В ночь, когда был выкован меч Ньяла, Кровелл заполнили толпы — и люди, и Другие. Те, что побогаче, разместились за стенами форта, заставив окрестные поля просторными церемониальными шатрами. Даже конюху Ньяла Тимерилу пришлось потесниться и разделить высокий душистый сеновал над конюшней с гномом Руфом Набом.
Тим был невысок, но для своего роста силен. Его хрупкое с виду тело, казалось, состоит не из костей и мускулов, а свито из узловатой веревки. Как и все остальные, он допоздна не ложился, празднуя канун Наименования Меча Ньяла. Глубокой ночью конюха разбудили звуки яростных ударов. Он прислушался, сдвинул брови, и его простое и симпатичное лицо стало сердитым. Редеющие светлые волосы спутались, в них набилась солома, Тим яростно почесался.

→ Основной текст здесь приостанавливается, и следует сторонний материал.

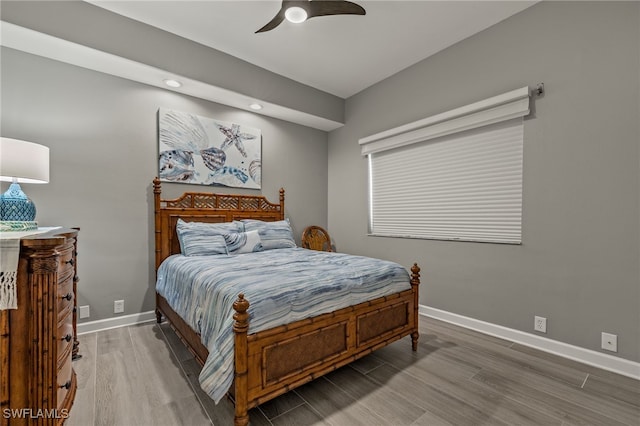 bedroom with ceiling fan and wood-type flooring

Увидев слабый свет, сочившийся в щели между досками стен, он понял, что вот-вот рассветет. И когда снова раздались тяжелые удары, конюх понял, что это такое, и шепотом выругался.
Горка сена рядом с ним зашевелилась. Появилась корявая мускулистая рука, почесала рыжеватые волосы, вытащила комки сена из большущих ушей.
— Снова дикий жеребец? — раздраженно проворчал Руф Наб.
Тим кивнул:
— Сущий единорог. Я еще ни одной ночи спокойно не спал с тех пор, как чародей привел его. Пойду брошу ему сена — может, успокоится.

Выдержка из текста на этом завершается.